- [Information provided]
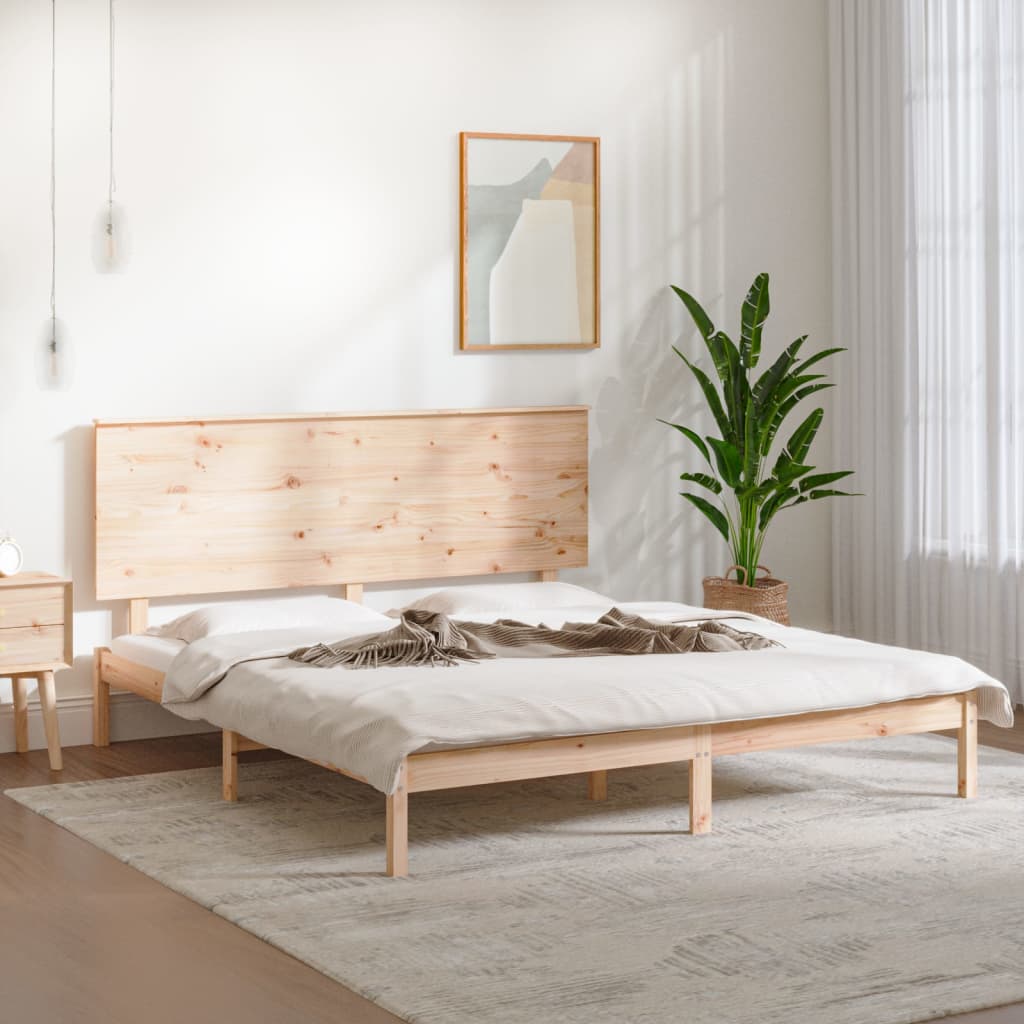 vidaXL Lit en bois massif 180 x 200 cm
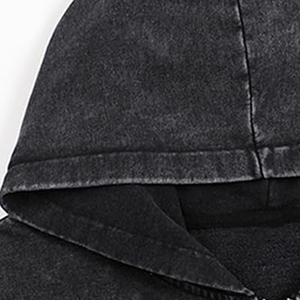 Sweat-shirts à capuche pour hommes en gros, lavage à l'acide, fermeture éclair, haute qualité, lourd, surdimensionné, style vintage, fermeture éclair, faible MOQ - Product Image 5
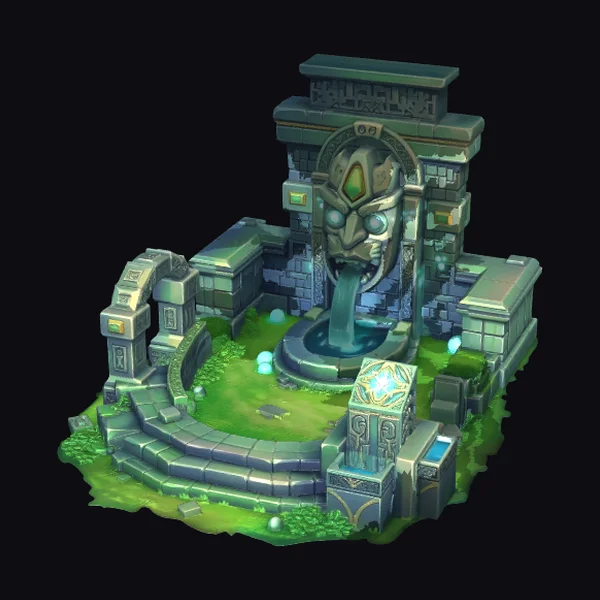 Ancient Stone Face Fountain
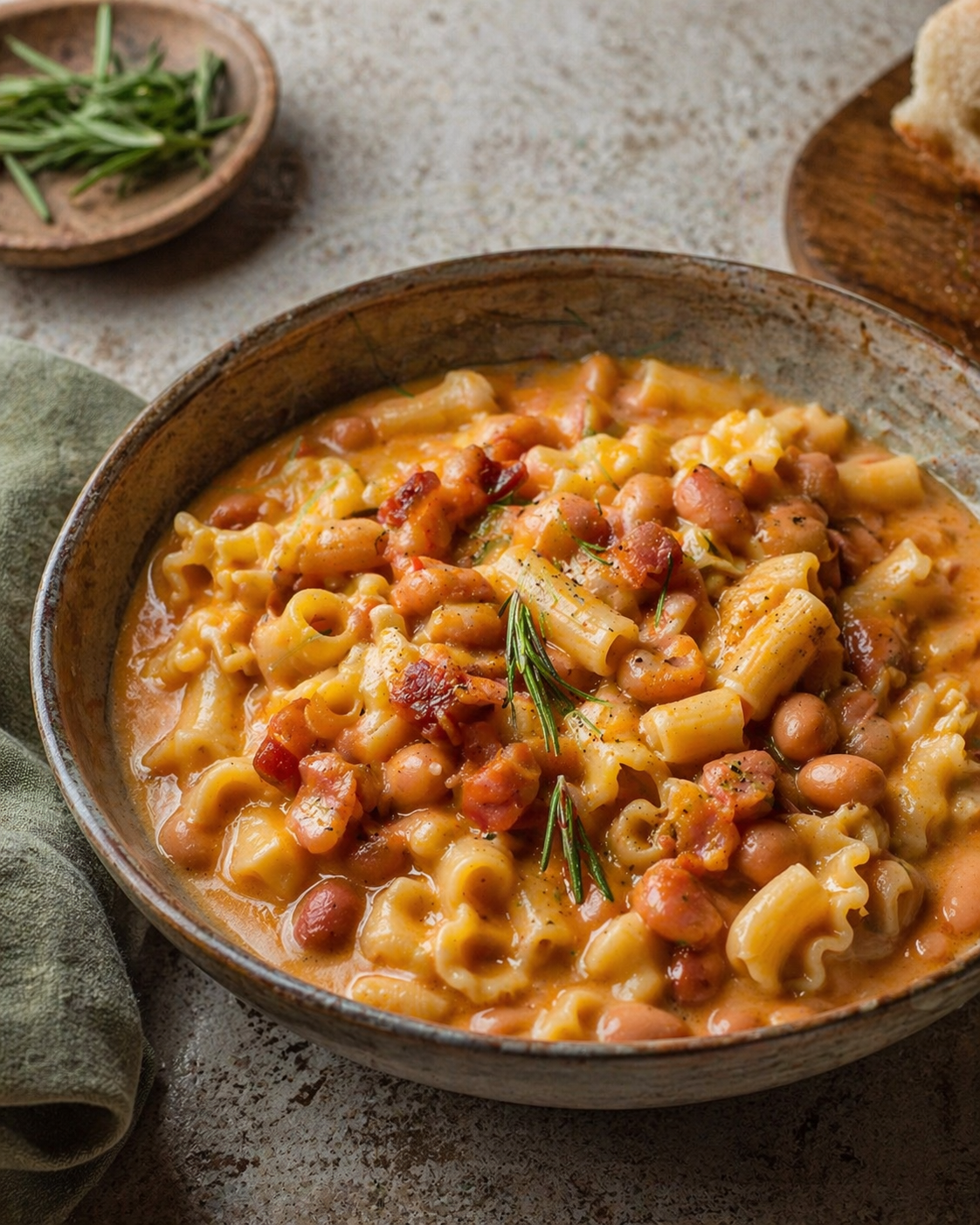 Pasta e fagioli con guanciale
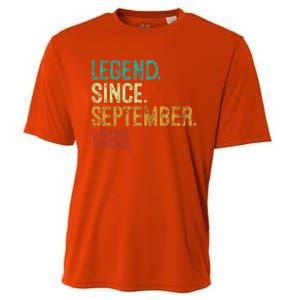 40 Years Old Legend Since September 1983 40th Birthday Cooling Performance Crew T-Shirt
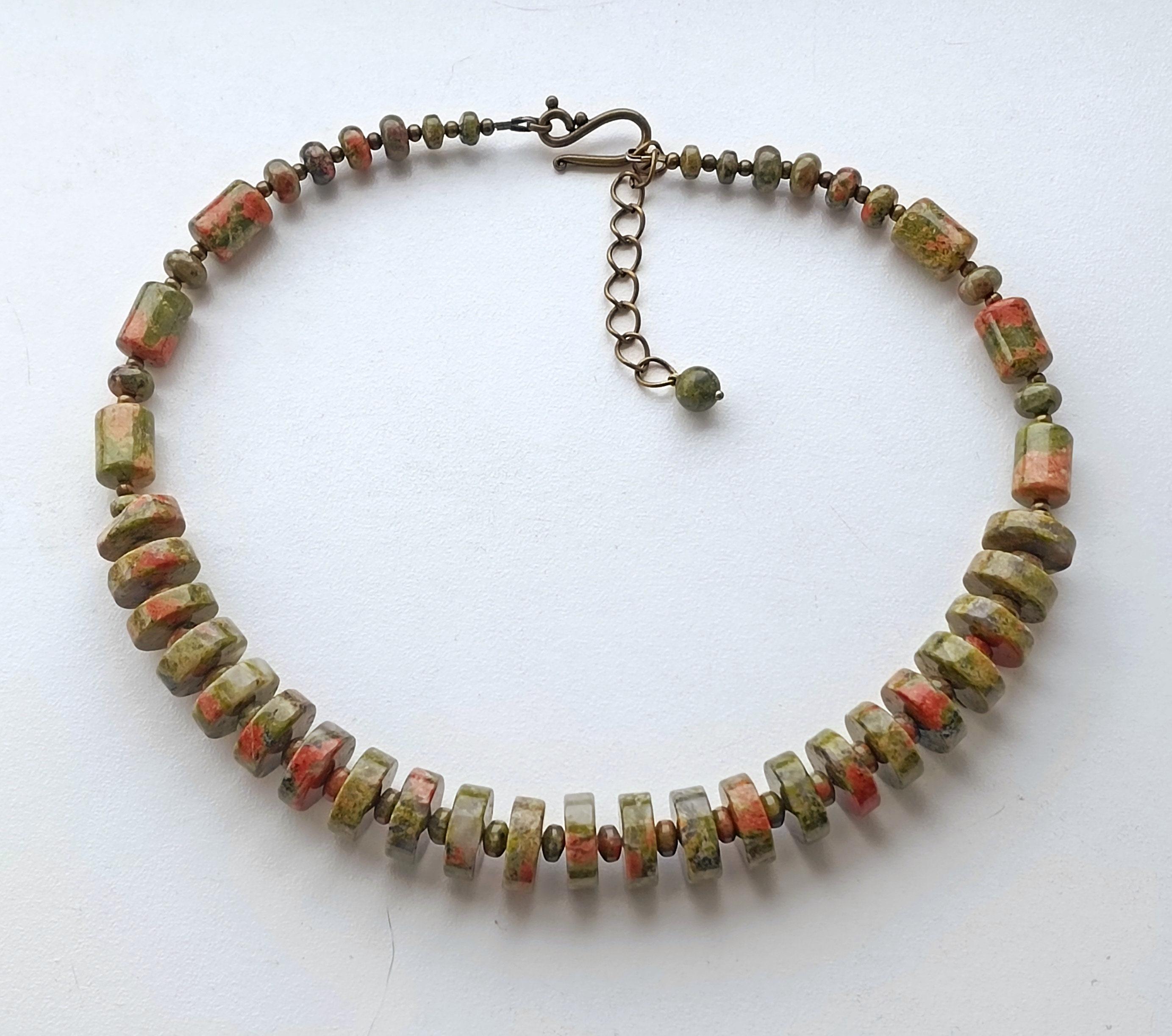 Jasper Unakite Chunky Necklace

- [Work to complete]
If an entry contains an image, please omit that image and print everything else verbatim.

- [Worked solution]
 vidaXL Lit en bois massif 180 x 200 cm
 Sweat-shirts à capuche pour hommes en gros, lavage à l'acide, fermeture éclair, haute qualité, lourd, surdimensionné, style vintage, fermeture éclair, faible MOQ - Product Image 5
 Ancient Stone Face Fountain
 Pasta e fagioli con guanciale
 40 Years Old Legend Since September 1983 40th Birthday Cooling Performance Crew T-Shirt
 Jasper Unakite Chunky Necklace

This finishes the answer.